▼
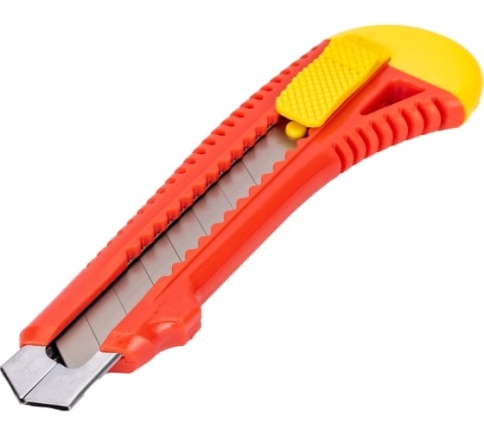 Ормис Нож усиленный, автоблокировка 18мм 19-0-004                  фото 1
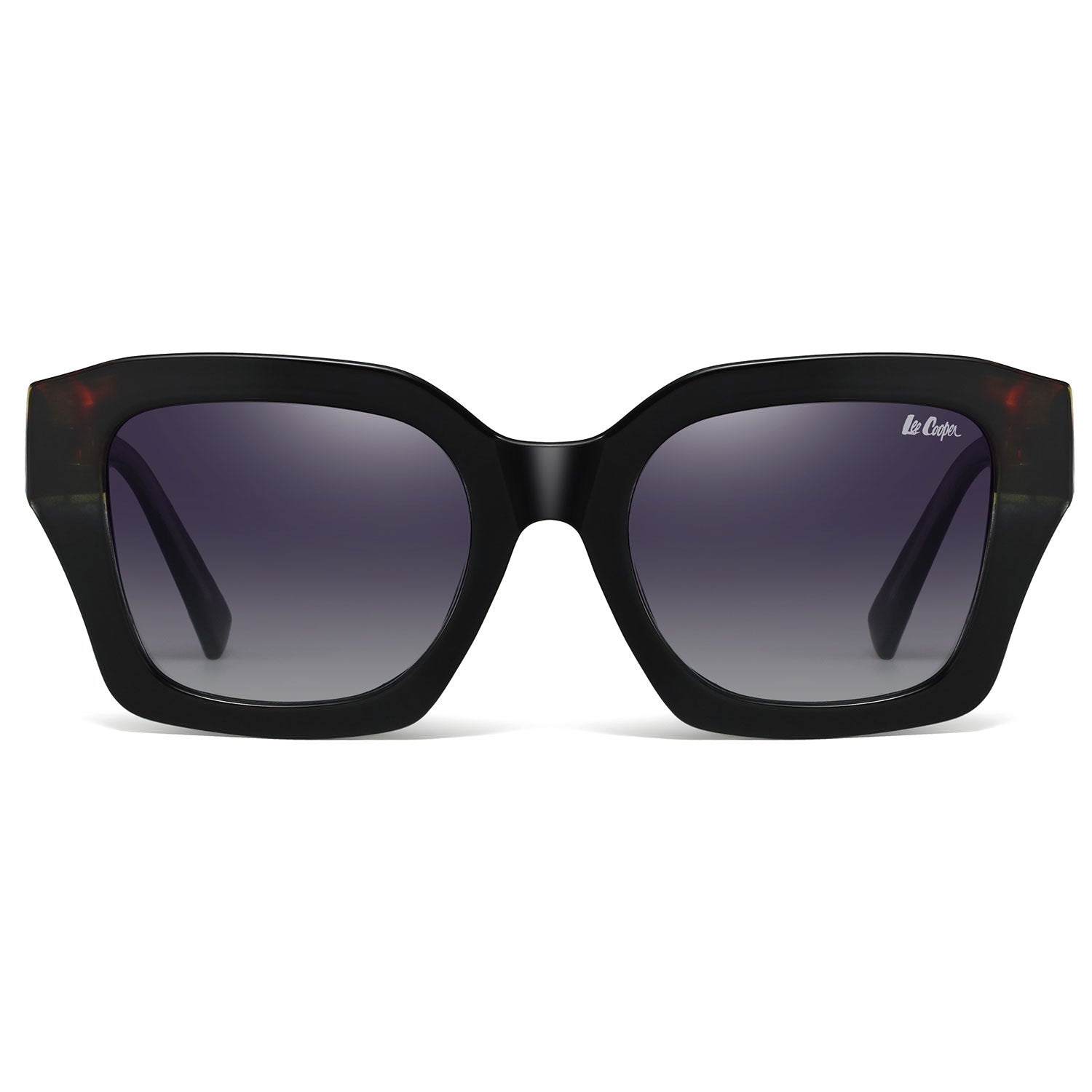 Lee Cooper Women's Polarized Vintage square Sunglasses - Black - LCW10023C1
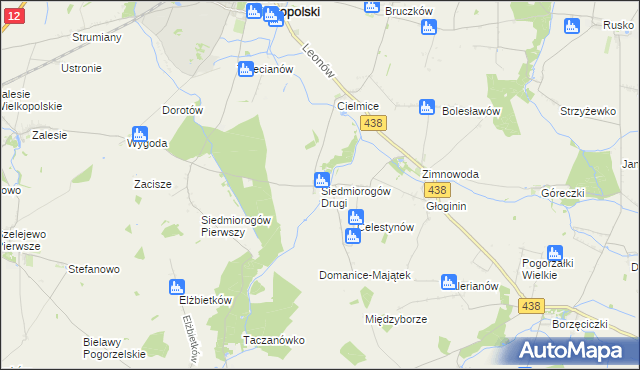 mapa Siedmiorogów Drugi, Siedmiorogów Drugi na mapie Targeo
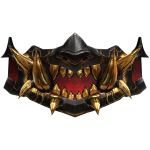 Royal Golden Fearful Oni Mask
▲
## Task instructions
Only the pictures may be dropped when you copy the data above; everything else stays exact.

## Result for this exercise
 Ормис Нож усиленный, автоблокировка 18мм 19-0-004                  фото 1
 Lee Cooper Women's Polarized Vintage square Sunglasses - Black - LCW10023C1
 mapa Siedmiorogów Drugi, Siedmiorogów Drugi na mapie Targeo
 Royal Golden Fearful Oni Mask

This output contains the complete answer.